→ Required work: Print the records below exactly, starting at the first line and stopping after the line that contains "L. SHORTER STRATUONO". Leave out any pictures.
---------------
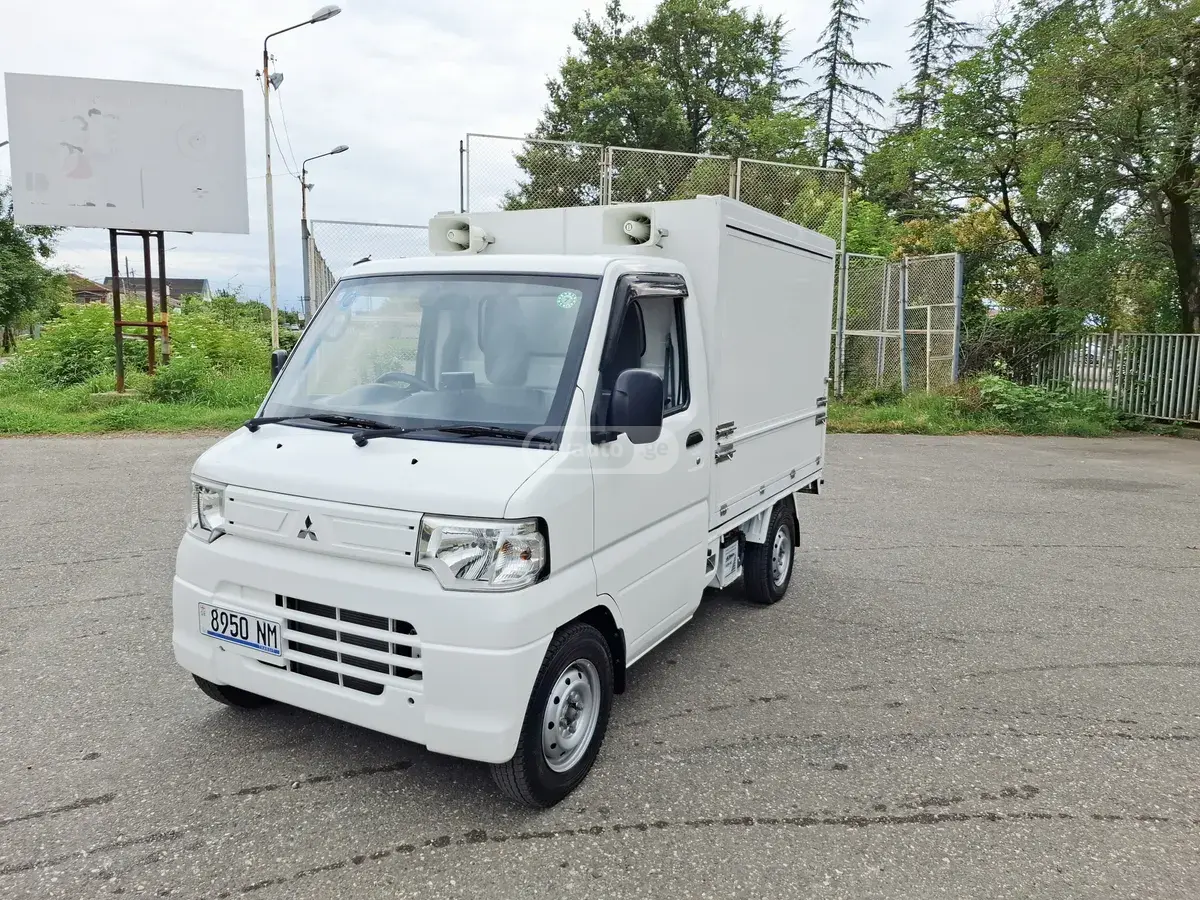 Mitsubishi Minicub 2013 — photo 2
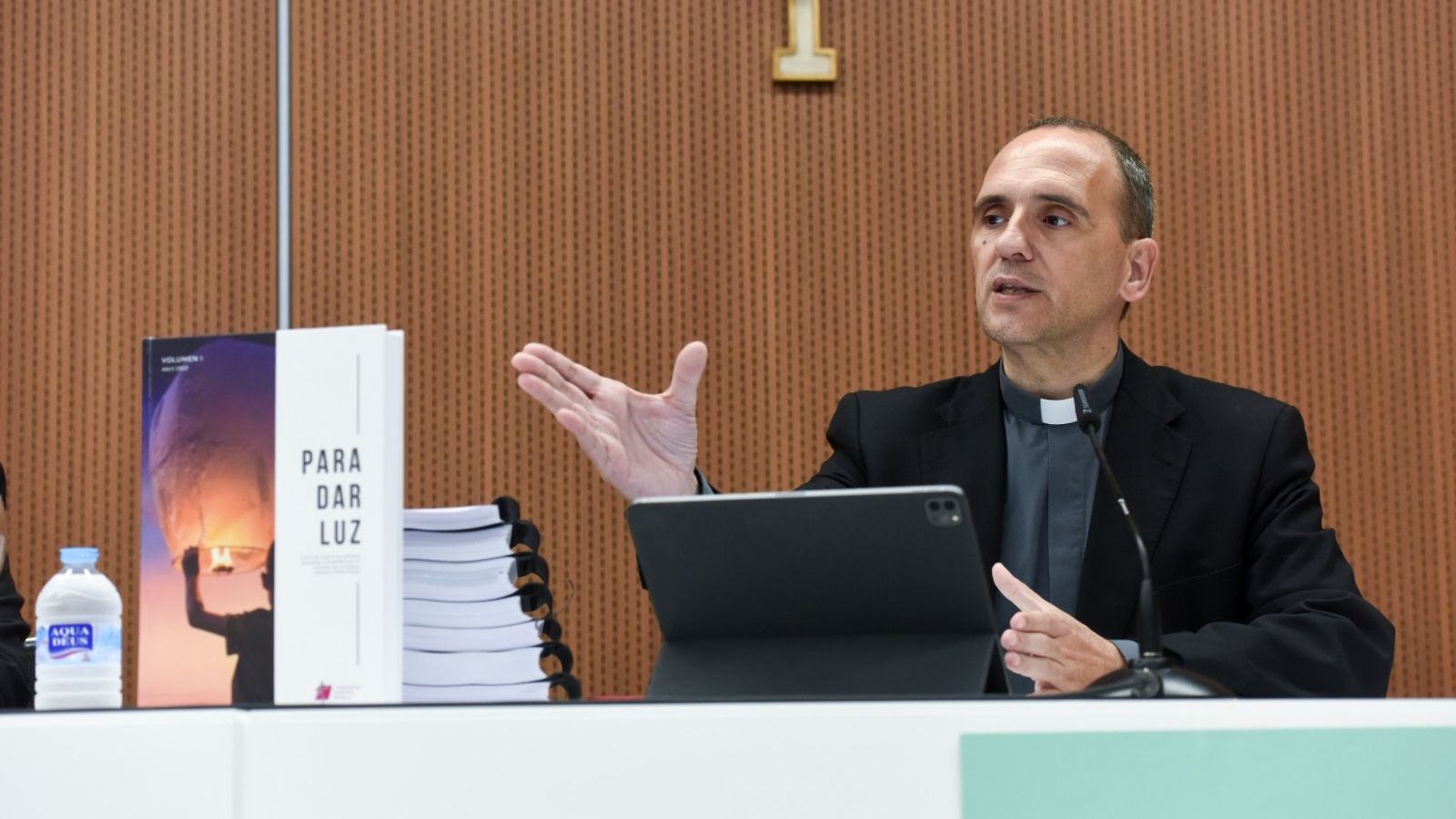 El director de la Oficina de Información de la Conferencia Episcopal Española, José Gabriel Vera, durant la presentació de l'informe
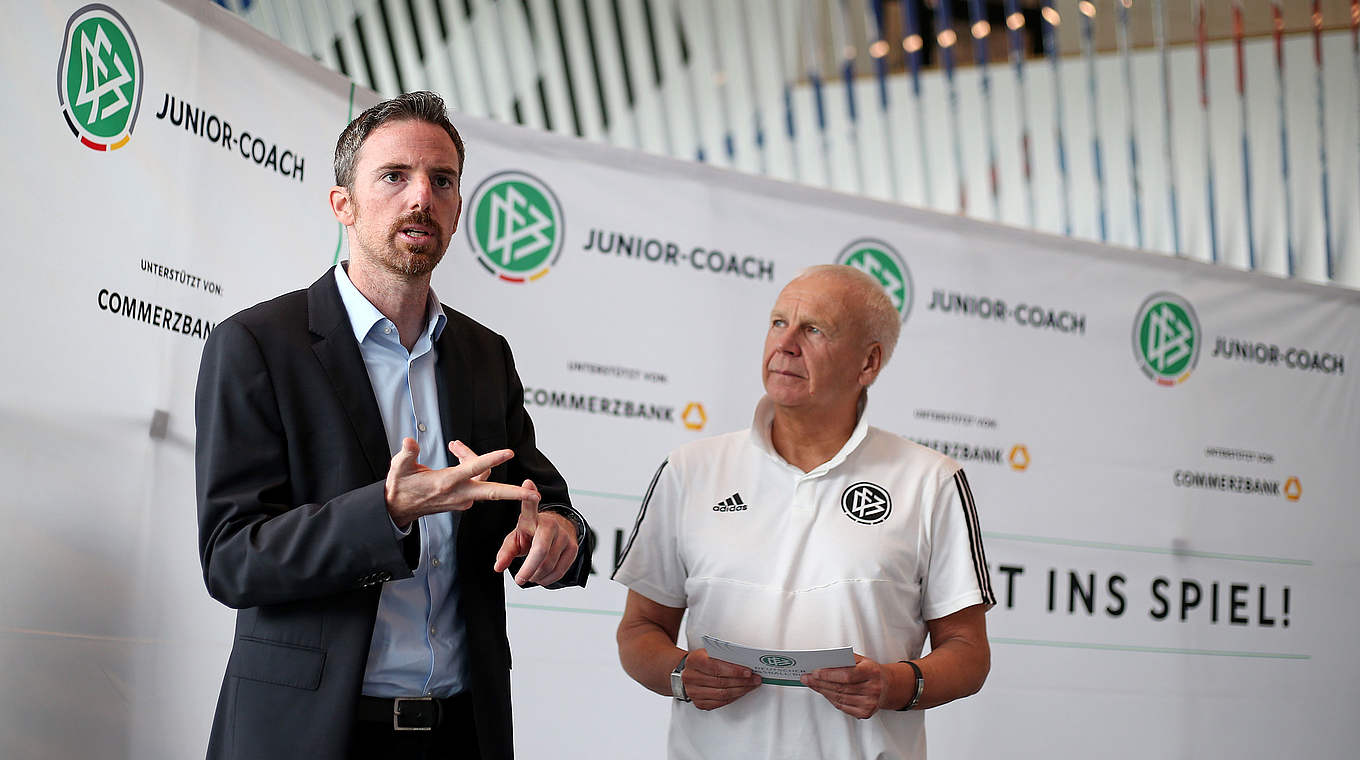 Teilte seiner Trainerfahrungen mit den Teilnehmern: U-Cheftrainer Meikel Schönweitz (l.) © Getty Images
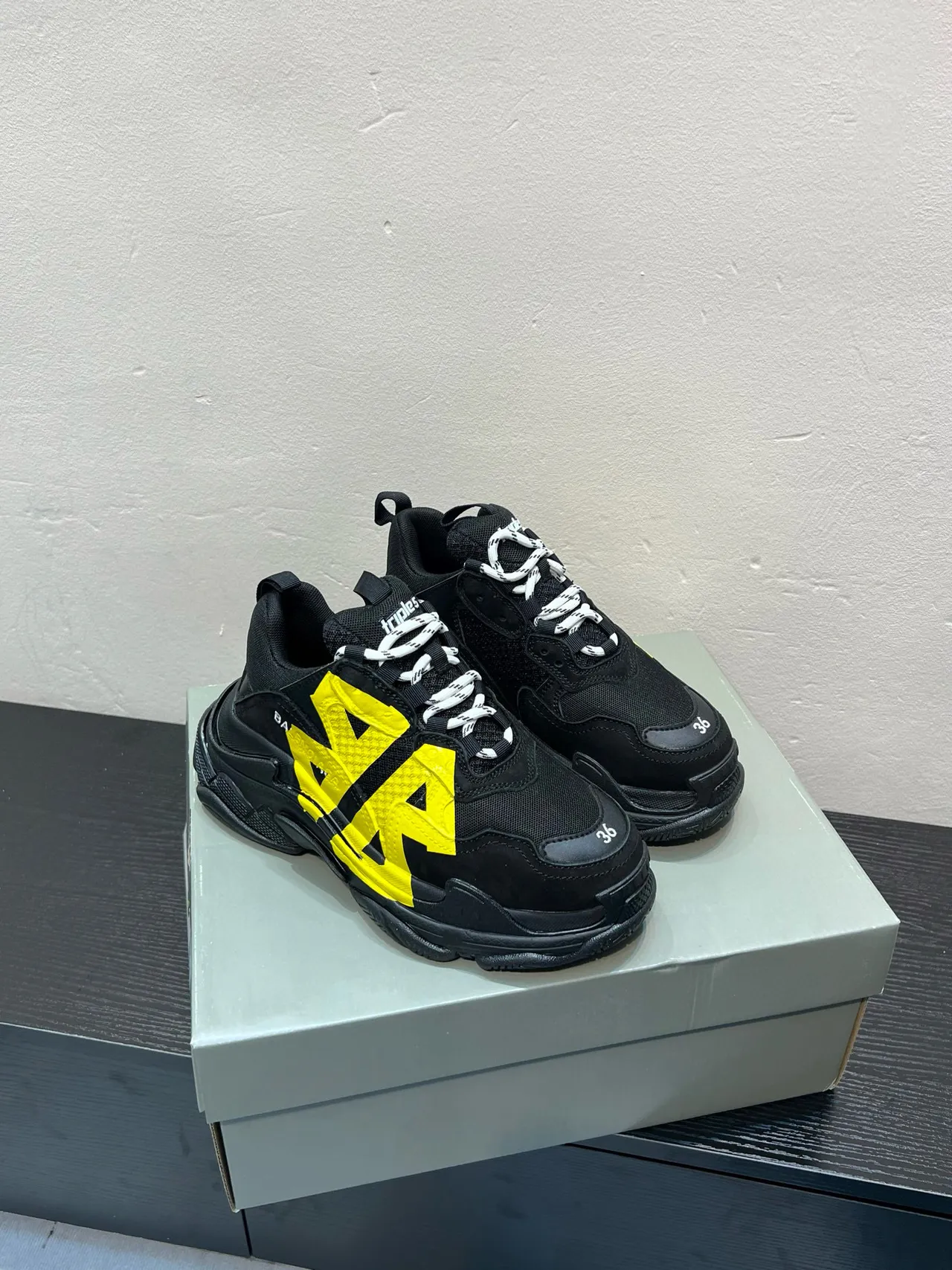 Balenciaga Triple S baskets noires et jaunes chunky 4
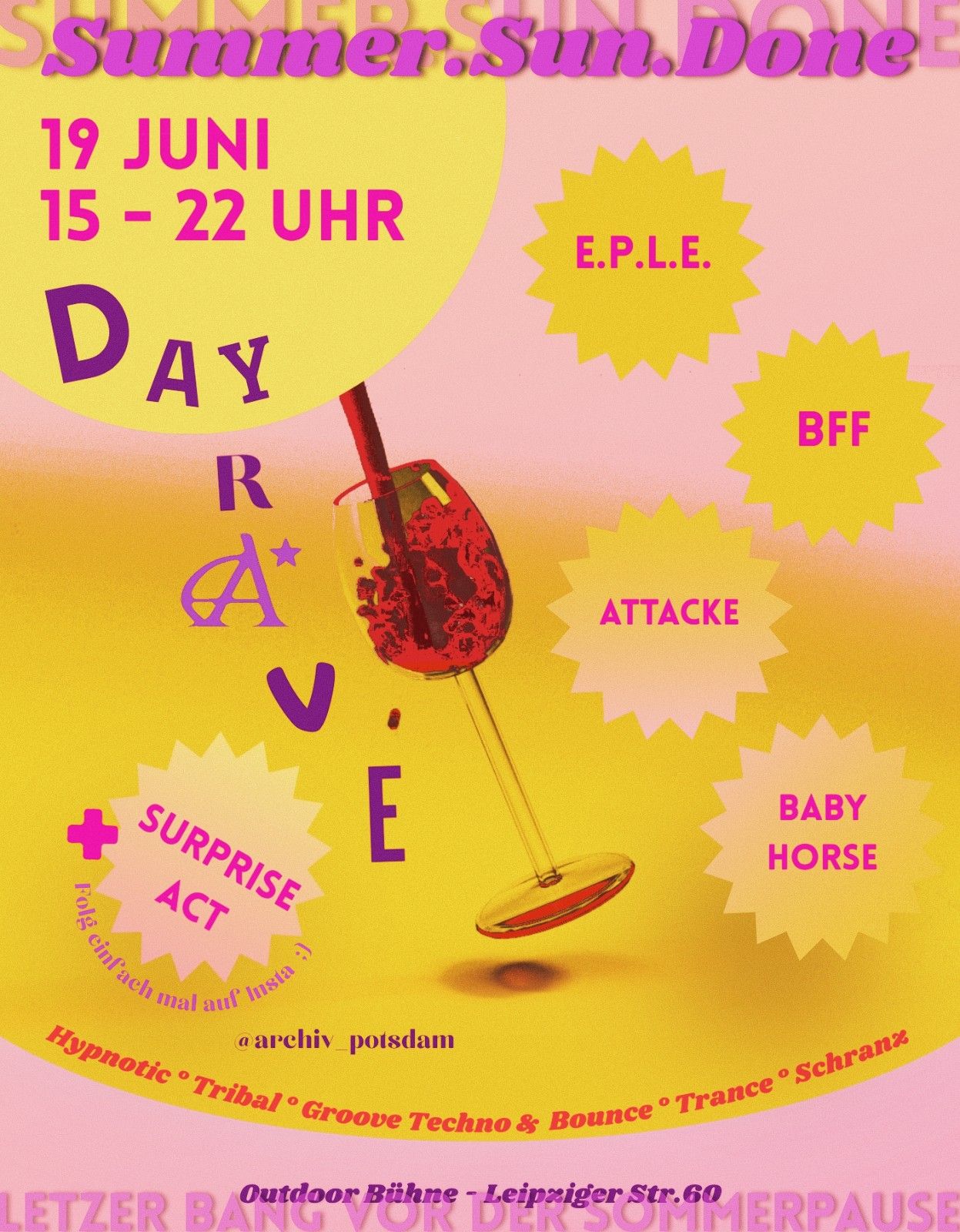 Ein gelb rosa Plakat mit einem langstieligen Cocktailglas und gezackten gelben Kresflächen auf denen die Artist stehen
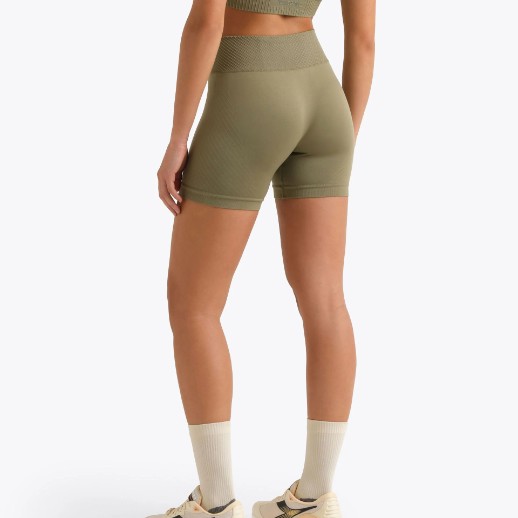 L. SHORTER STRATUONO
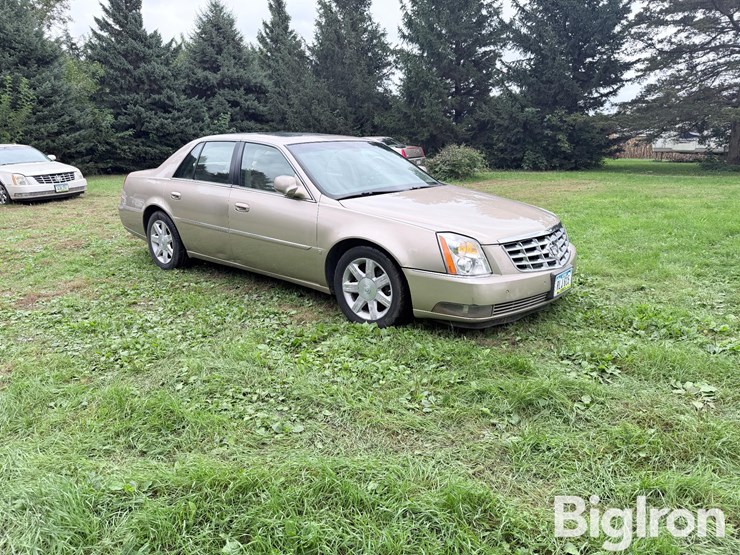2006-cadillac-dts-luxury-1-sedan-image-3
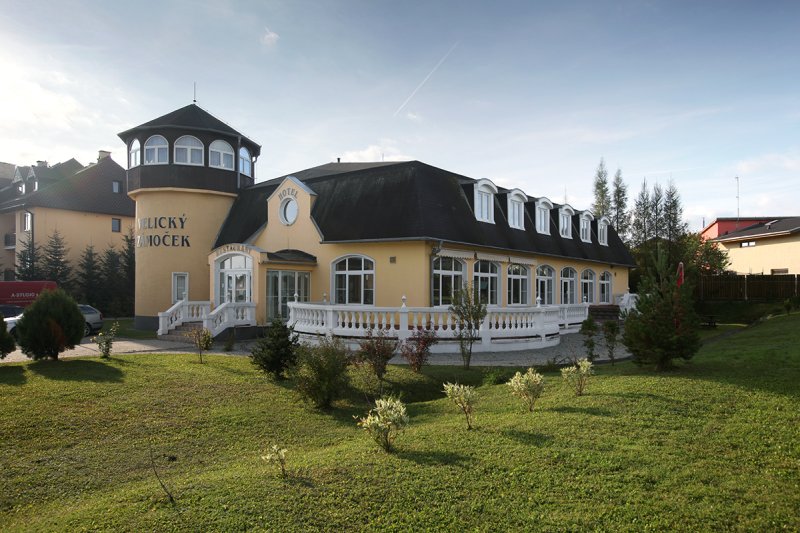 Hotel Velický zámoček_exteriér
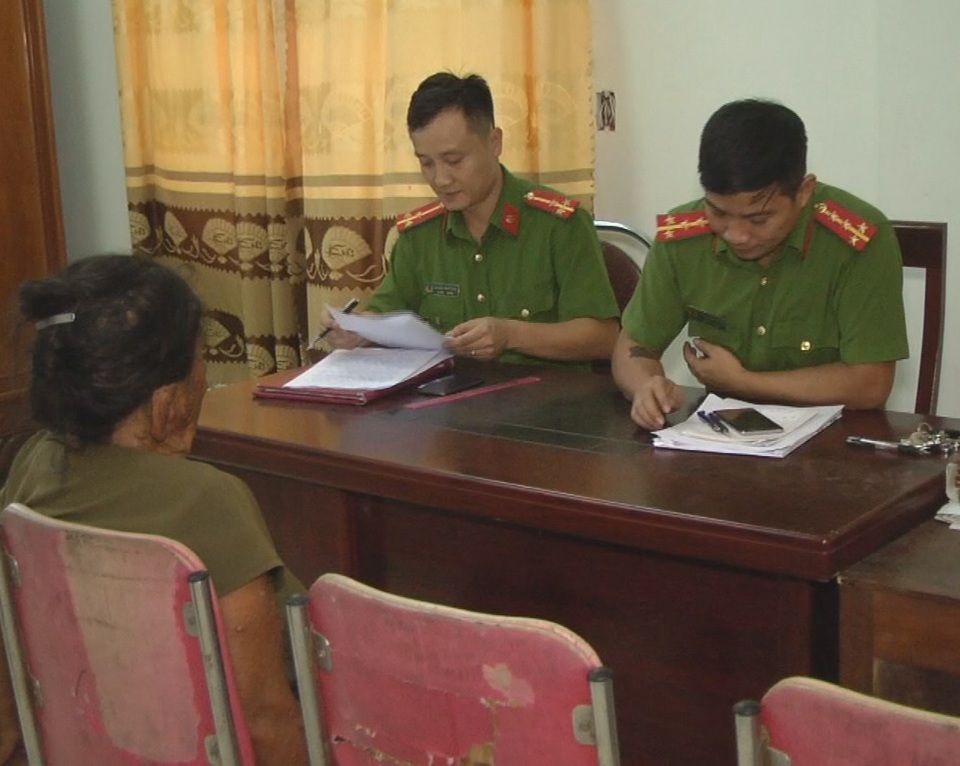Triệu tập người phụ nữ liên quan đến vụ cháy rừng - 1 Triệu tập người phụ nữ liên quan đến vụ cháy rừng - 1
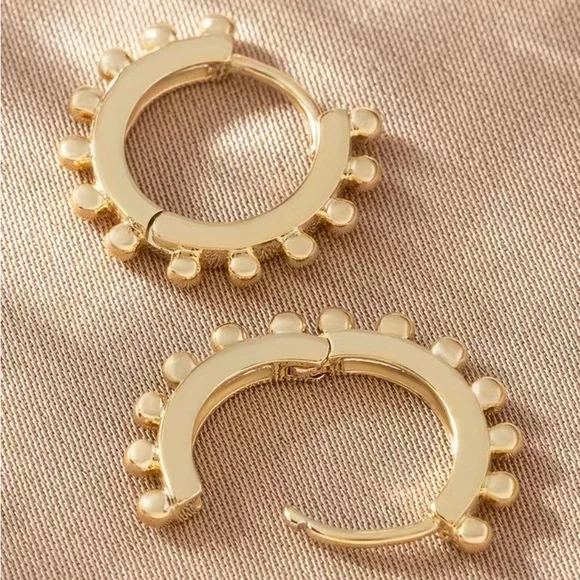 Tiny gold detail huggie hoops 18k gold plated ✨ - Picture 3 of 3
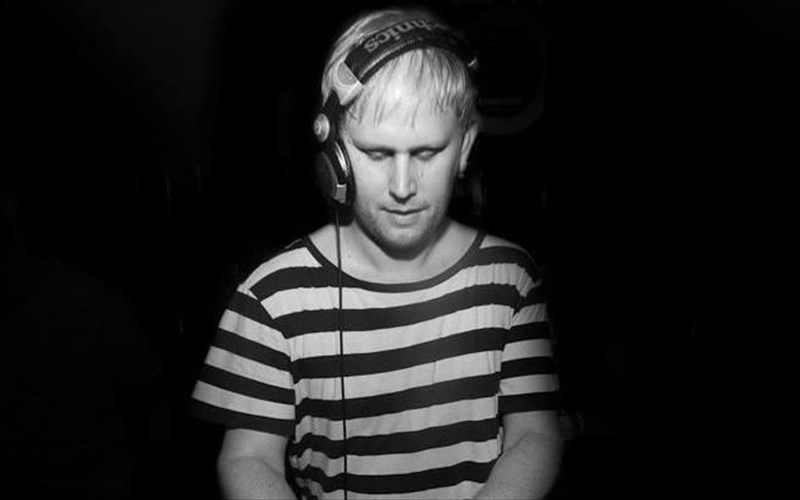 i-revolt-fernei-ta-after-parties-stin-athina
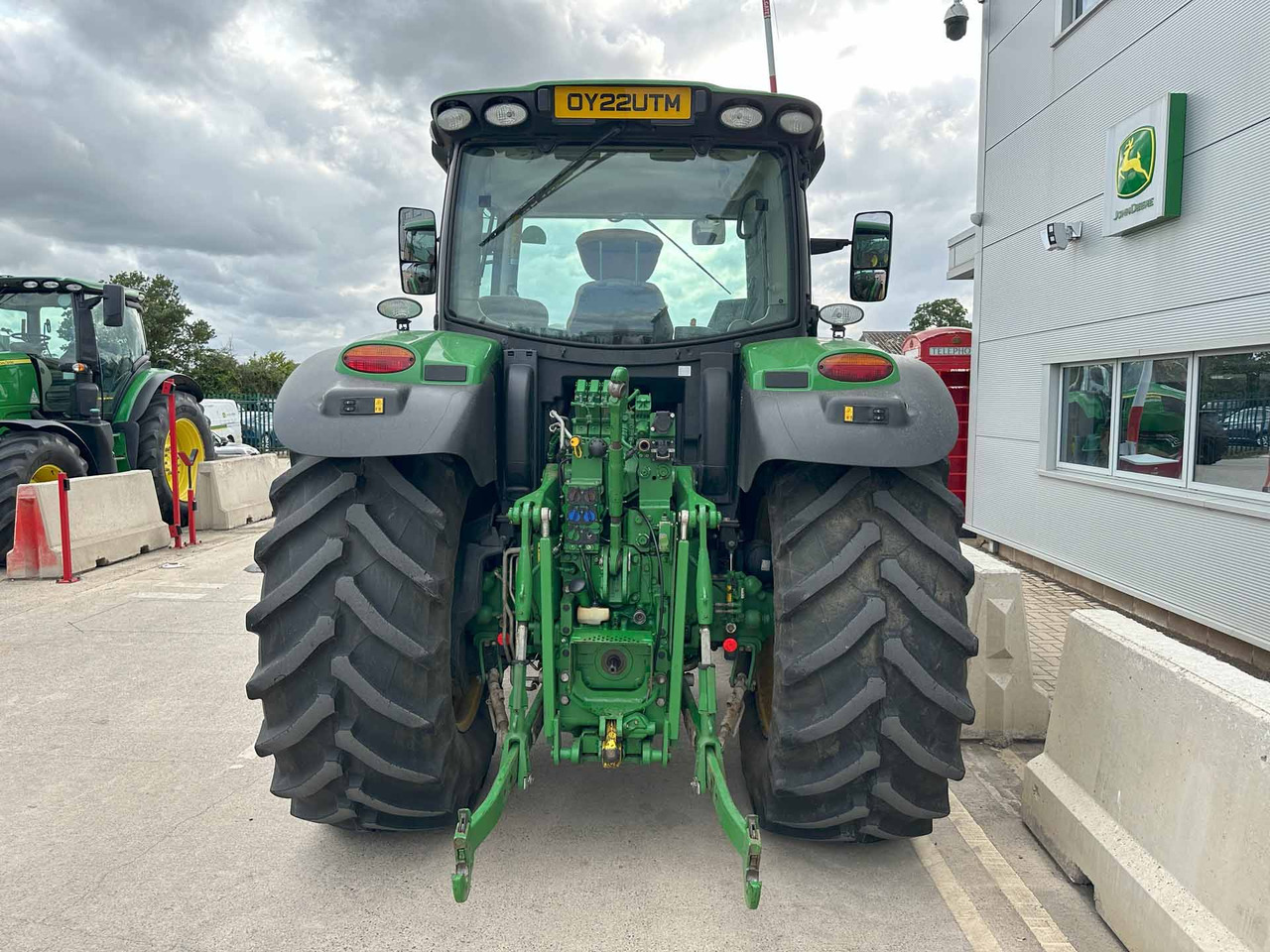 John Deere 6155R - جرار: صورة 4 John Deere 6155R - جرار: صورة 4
---------------
→ Output for this exercise:
 Mitsubishi Minicub 2013 — photo 2
 El director de la Oficina de Información de la Conferencia Episcopal Española, José Gabriel Vera, durant la presentació de l'informe
 Teilte seiner Trainerfahrungen mit den Teilnehmern: U-Cheftrainer Meikel Schönweitz (l.) © Getty Images
 Balenciaga Triple S baskets noires et jaunes chunky 4
 Ein gelb rosa Plakat mit einem langstieligen Cocktailglas und gezackten gelben Kresflächen auf denen die Artist stehen
 L. SHORTER STRATUONO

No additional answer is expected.